Cette croissance du marché français des génériques, de l'ordre de 7 % en volume, contre moins de 2 % pour le marché pharmaceutique global, ne manquera pas de profiter à la profession des façonniers qui assurent une bonne partie de leur production. Déjà des aménagements de la clause Bolar, annoncés en décembre, pourront leur permettre de produire des stocks de génériques juste avant les pertes de brevets, pour peu que leurs donneurs d'ordre génériqueurs aient réussi à s'entendre avec les fabricants de princeps. Christian Lajoux expliquait, quelques semaines plus tard, à l'occasion du bilan annuel du Leem, qu'un premier accord de ce type avait été signé par Lilly et que 4 ou 5 seraient dans les tuyaux.
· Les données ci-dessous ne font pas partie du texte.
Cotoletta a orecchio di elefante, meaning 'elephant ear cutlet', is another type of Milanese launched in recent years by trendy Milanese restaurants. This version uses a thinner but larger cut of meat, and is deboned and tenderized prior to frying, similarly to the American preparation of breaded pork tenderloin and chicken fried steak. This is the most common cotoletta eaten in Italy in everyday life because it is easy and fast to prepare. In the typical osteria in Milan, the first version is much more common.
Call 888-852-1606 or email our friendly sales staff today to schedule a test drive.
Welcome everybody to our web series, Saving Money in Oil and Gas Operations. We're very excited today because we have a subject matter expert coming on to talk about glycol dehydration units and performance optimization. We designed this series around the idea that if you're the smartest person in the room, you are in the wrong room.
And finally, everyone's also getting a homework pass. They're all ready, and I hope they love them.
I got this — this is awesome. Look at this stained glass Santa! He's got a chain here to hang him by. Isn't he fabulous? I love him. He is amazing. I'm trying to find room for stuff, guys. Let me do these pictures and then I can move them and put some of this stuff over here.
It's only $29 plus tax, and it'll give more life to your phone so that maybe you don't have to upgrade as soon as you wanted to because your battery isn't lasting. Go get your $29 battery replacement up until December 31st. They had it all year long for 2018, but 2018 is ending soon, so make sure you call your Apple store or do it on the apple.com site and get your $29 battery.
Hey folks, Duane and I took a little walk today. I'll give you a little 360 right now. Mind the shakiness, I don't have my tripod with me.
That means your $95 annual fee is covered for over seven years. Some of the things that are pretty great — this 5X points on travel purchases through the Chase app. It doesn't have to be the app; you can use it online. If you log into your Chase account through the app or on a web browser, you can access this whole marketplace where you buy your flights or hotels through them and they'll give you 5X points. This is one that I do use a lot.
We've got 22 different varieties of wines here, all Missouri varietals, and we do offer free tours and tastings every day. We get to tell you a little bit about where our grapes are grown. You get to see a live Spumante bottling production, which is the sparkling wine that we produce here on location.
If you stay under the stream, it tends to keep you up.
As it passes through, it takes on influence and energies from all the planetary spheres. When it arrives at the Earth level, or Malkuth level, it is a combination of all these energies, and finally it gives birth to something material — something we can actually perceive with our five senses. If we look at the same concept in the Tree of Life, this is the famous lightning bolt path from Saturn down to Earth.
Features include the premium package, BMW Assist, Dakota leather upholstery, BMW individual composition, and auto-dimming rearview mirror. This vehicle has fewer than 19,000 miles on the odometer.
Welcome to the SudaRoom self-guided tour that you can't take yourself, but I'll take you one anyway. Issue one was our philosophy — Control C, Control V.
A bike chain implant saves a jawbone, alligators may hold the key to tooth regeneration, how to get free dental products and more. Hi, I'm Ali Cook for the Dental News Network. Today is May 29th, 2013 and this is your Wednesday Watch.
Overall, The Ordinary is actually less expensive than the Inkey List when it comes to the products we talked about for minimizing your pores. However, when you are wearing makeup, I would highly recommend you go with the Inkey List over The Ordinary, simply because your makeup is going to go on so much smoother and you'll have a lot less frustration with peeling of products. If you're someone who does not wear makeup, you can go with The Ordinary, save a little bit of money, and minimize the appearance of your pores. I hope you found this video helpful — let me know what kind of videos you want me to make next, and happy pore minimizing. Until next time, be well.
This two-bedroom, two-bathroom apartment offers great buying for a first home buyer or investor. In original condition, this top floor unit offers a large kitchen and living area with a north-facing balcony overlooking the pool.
En clôture, Danièle Bordi, présidente de la SFSTP, a déclaré que « cette 42e édition fera date dans les meilleurs moments de la SFSTP, par la qualité des programmes scientifiques et les brillantes interventions qui ont présenté le générique sous un angle novateur ». Rendez-vous le 14-15 juin 2011 à Montpellier pour la 43e édition.

QUID DES BIOSIMILAIRES ?

« Les médicaments issus des biotechnologies sont à un tournant de leur récente histoire : les premiers brevets tombant dans le modèle public », a expliqué le Dr Jean-Louis Prugnaud, chef de service Pharmacie à l'hôpital St Antoine à Paris. En effet, l'EMEA et la Commission européenne ont établi un cadre juridique et réglementaire pour l'enregistrement de ces produits. « En plus des tests classiques, le procédé de production est un élément fondamental de la caractérisation », a-t-il expliqué. Du coup, on ne parle pas de produits identiques, mais de produits similaires.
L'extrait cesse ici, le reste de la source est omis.